China companies are rapidly exploring markets in Southeast Asia, the Middle East, and Latin America, and the speed of supply chain restructuring exceeds expectations. Multinational companies reassess their layout and shift production lines away from the United States to more stable regions. The data shows that in the first half of 2025, China's foreign trade as a whole will continue to grow, and the export of rare earth, photovoltaic and new energy vehicles will continue to expand. The tariff war did not defeat China, but instead forced industrial upgrading.

Trump's logic of political beliefs is in sharp contrast to the industrial reality of China.The U.S. relies on “belief mobilization”, China relies on “policy implementation”; the U.S. cries slogans to stimulate votes, China uses industrial chains to stabilize the economy. Chinese analysts point out that the U.S. tariff war is wasting its own credibility.

Interestingly, the American people are beginning to divide. The attitudes of farmers, manufacturing workers and technology executives are no longer consistent. Some voters began to question tariff policy, believing that political beliefs should not override economic rationality.
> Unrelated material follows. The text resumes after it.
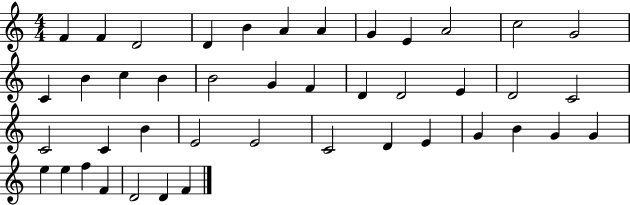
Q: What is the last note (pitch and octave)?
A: F4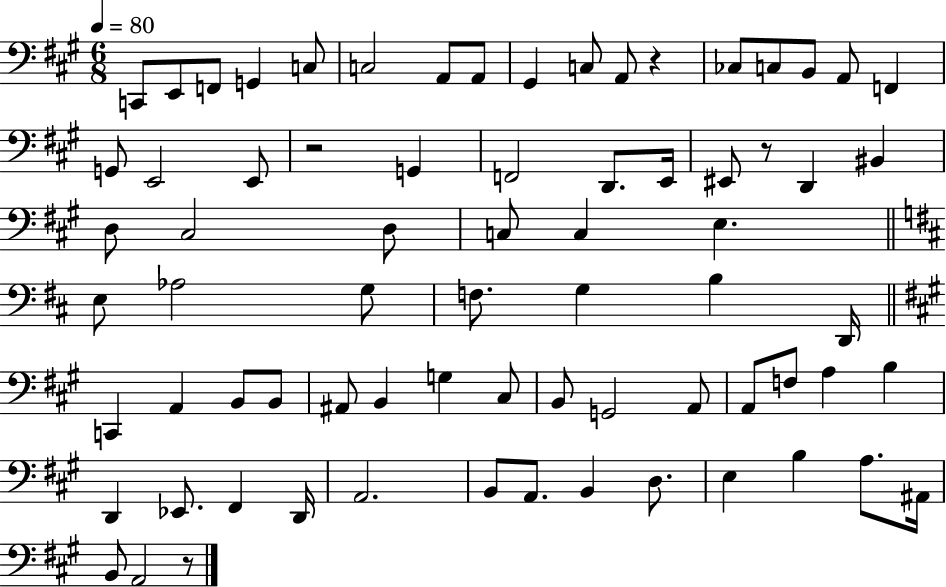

But Trump still shouted "God is on our side" at the rally. This statement is not a policy declaration, but a sermon.

The American political tradition of belief makes the country more inclined to make emotional decisions at critical times. Its system is strong but also easily abducted by belief. Trump launched a tariff war, not only for economic decisions, but also for a political ceremony. Believers need a sense of ritual, even if the ceremony brings a price.

And China's reaction exactly illustrates another logic - not by oaths, not by emotions, but by structure. This is the power of reality. Trump wins applause, China wins time. The tariff war will end, but the cost of belief politics is far from revealed.